Data File
Apply the recodes we did in lab 7 to the dataset using the syntax below.
#remember to set your working director
eb_pums <- readRDS("eb_pums_2000.rds")
library(dplyr)
eb_pums <- eb_pums %>% select(year, metaread, puma,
ownershp, builtyr, hhincome,
perwt, age, sex, race, hispan,
tranwork, carpool, trantime)
#Note: People of any race can also be Hispanic (Hispanic is not a race category),
#so when you recode Hispanics as ???4???, they will no longer be coded in the ???White,??? ???Black,??? or ???Asian??? categories.

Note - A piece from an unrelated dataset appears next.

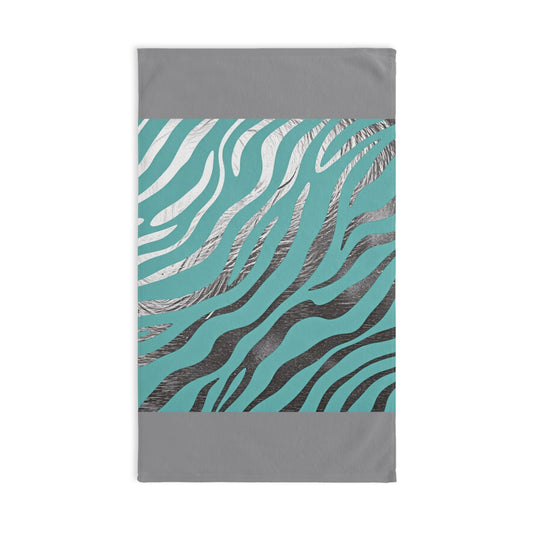 Zebra Print Hand Towel - Stylish Aqua and Silver Design for Home Decor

#Rename a variable: metaread to detailed.meta.area
names(eb_pums)[2] <- 'detailed.meta.area'
eb_pums <- eb_pums %>% mutate(
race=as.character(race),
hispan=as.character(hispan),
racehisp=case_when(
race=="Chinese" ~ "Asian",
race=="Japanese" ~ "Asian",
race=="Other Asian or Pacific" ~ "Asian",
race=="White" ~ "White",
race=="Black" ~ "Black",
race=="American Indian or Alaskan" ~ "American Indian or Alaskan",
hispan != "Not Hispanic" ~ "Hispanic",
TRUE~"Other"))
table(eb_pums$racehisp)
##
## American Indian or Alaskan Asian
## 771 20391
## Black Hispanic
## 13978 12163
## Other White
## 5032 65109
# recode modes (https://usa.ipums.org/usa-action/variables/TRANWORK#codes_section)
eb_pums <- eb_pums %>%
mutate(
tranwork = as.integer(tranwork),
mode = case_when(
tranwork %in% c(10, 11, 12, 13, 14, 15, 20) ~ "driving",
tranwork %in% c(30, 31, 32, 33, 34, 35, 36) ~ "transit",
tranwork %in% c(40, 50) ~ "bike/walk",
tranwork %in% c(60, 70) ~ "other",
TRUE ~ as.character(NA)
)
)
table(eb_pums$mode)
##
## bike/walk driving other transit
## 1993 44456 2647 5512
# recode modes (https://usa.ipums.org/usa-action/variables/TRANWORK#codes_section)
eb_pums <- eb_pums %>%
mutate(
builtyr2 = case_when(
as.integer(builtyr) %in% c(2, 3) ~ "0-10",
as.integer(builtyr) == 4 ~ "11-20",
as.integer(builtyr) == 5 ~ "21-30",
as.integer(builtyr) == 6 ~ "31-40",
as.integer(builtyr) == 7 ~ "41-50",
as.integer(builtyr) == 8 ~ "51-60",
as.integer(builtyr) == 9 ~ "61+"
)
)
table(eb_pums$builtyr2)
##
## 0-10 11-20 21-30 31-40 41-50 51-60 61+
## 11972 16540 20612 19808 18865 10439 15355
## Recode income and tenure
eb_pums <- eb_pums %>%
mutate(
increc = ifelse(eb_pums$hhincome <=0 | eb_pums$hhincome >= 999999, NA, hhincome),
tenure = recode(ownershp, `1`="Owned", `2`="Rented", .default=as.character(NA))
)
table(eb_pums$tenure)
##
## Owned Rented
## 73871 41432
# Save your recoded data frame
saveRDS(eb_pums, file="eb_pums_2000_recoded.rds")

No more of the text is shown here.